Wednesday, 8th August, 2001

Us Businessmen Hoped Malaysia Will Lead AFTA

Putra Jaya: American businessmen have expressed hope that Malaysia would lead the implementation of the Asean Free Trade Area (AFTA) to avoid the continued flow of foreign direct investment (FDI) into China.

US-Asean Business Council president, Ernest Z. Bower, said Malaysia should be able to take the lead as it has been the key architect for the free trading area within the Asean region.

He said as trade accounted for 200 percent of Malaysia GDP, it made Malaysia as the factor leader on trade.

"We hope Malaysia will be the leader in the implementation of AFTA. We believe that unless Malaysia leads and Asean implements the AFTA, we are afraid that it will be a continuation of foreign direct investments going to China rather than coming to South-east Asia," he said in a press conference after a meeting with Prime Minister Datuk Seri Dr Mahathir Mohamad together with other 30 council members including its chairman James P. Kelly.

The council had earlier conveyed this message in an hour meeting with Mahathir at his office here Tuesday.

Bower said that Mahathir was very supportive of the idea that Malaysia led the implementation of AFTA.

He said the council viewed Malaysia as a leader in agriculture specifically biotechnology and technology-front in information technology and communications sector.

Bower said implementing AFTA will be the key for the return of growth to the South-east Asia region.

"Implementing the AFTA agreement is a key to see growth return to South-east Asia. We US companies want to be part of that," he said.

He said that China had been very competitive in attracting FDI in many sectors of economy especially manufacturing.

Bower said there was a flip in the direction of FDI growth in most sectors for South-east Asia and China. He said that in the early 90s, 70 percent of FDIs went to South-east Asia and less than 30 percent to China. However, today, 70 percent of FDIs has gone to China while less than 30 percent to this region.

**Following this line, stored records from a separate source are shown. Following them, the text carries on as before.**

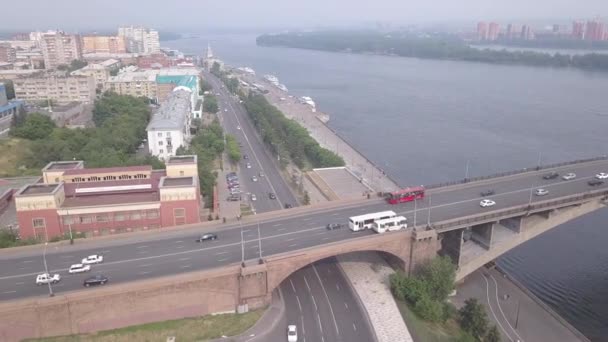 Divadelní náměstí. Společenský most. Panorama města Krasnojarska. Rusko. 4K — Stock video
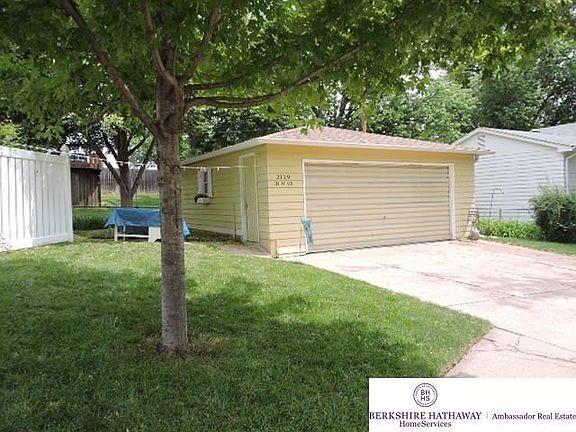 5th image of 2729 S 116th Avenue Cir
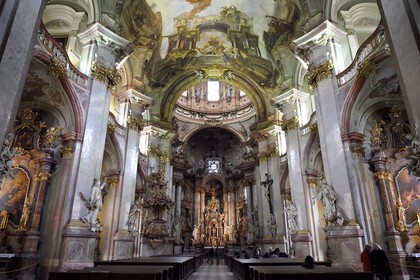 République Tchèque, Prague, centre historique classé Patrimoine Mondial de l'UNESCO, quartier de Mala Strana, l'église baroque Saint Nicolas (Sv. Mikulase)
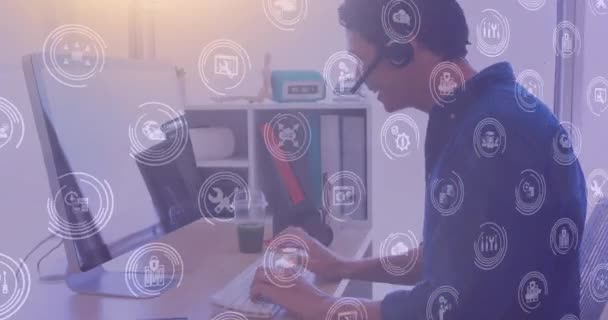Animace Sítě Digitálních Ikon Přes Podnikatele Pomocí Sluchátek Telefonu Počítače — Stock video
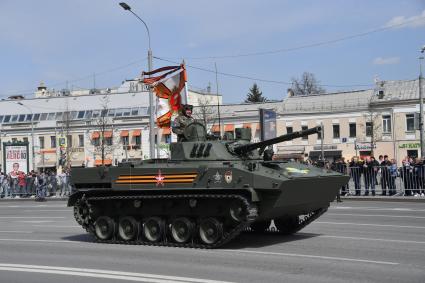 Москва. Военнослужащие на бронетранспортере БТР-МДМ  Ракушка во время   возвращения военной техники после репетиции парада в честь 77-й годовщины Победы в Великой Отечественной войне через Таганскую площадь.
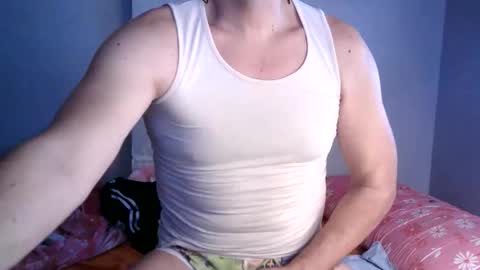 gusanito_enano online show from 10-01-25, 03:07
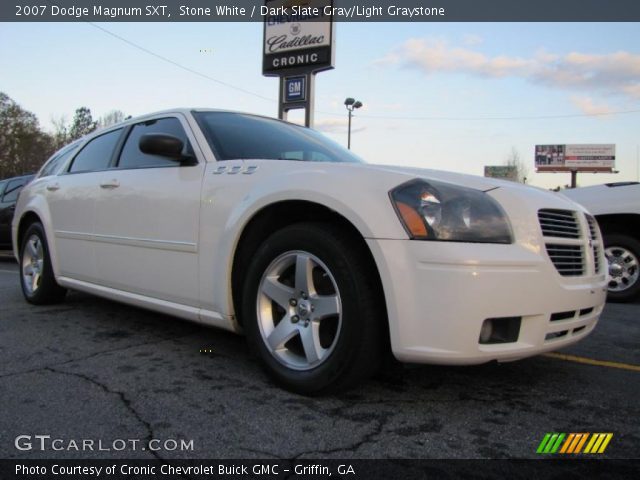 2007 Dodge Magnum SXT in Stone White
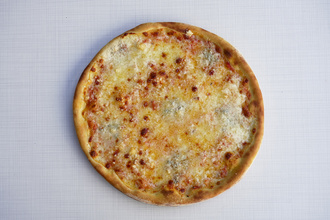 Dört Peynirli Pizza (Küçük Boy) görseli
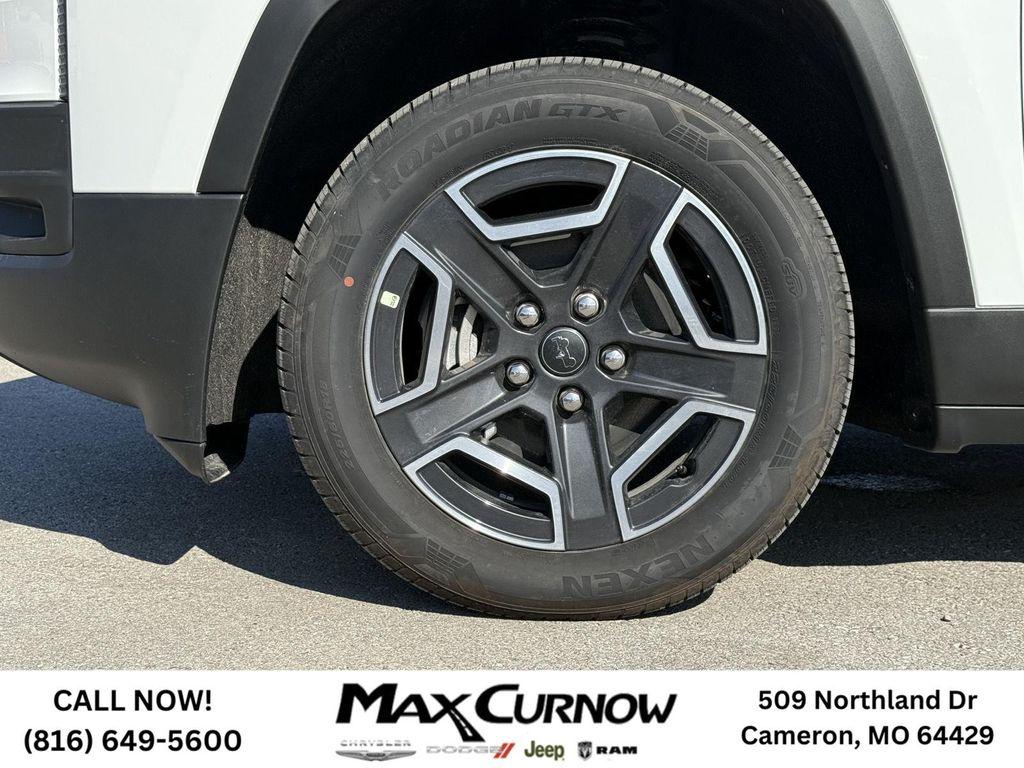 new 2026 Jeep Cherokee car, priced at $40,490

On US-Malaysia relationship, Bower said he believed Dr Mahathir and President George Bush would be working very hard to get both countries closer together.

He said from a point of a businessman, more businesses could be engaged when countries have better relationship.

The US-Asean Business Council's board of directors consist of 40 American companies accounting for more than 20,000 high-paying jobs for Malaysian workers.

The council's companies are leaders in training and technology co-operation in Malaysia and have made major community and educational commitments on their own accord.

The US-Asean Business Council is a non-profit, national organisation in the US that works to promote trade and investment between US and member countries of Asean.

The council concluded a two-day series of meeting with Malaysia government and private sector leadership Tuesday after holding its annual board meeting in Kuala Lumpur.

Meanwhile, Kelly said that the council chose Malaysia for its annual meeting in the region to underscore the importance of Malaysia to the US private sector.

"We are committed to take action to strengthen this relationship and expand our trade and investment ties in Malaysia and in the Asean region," he added.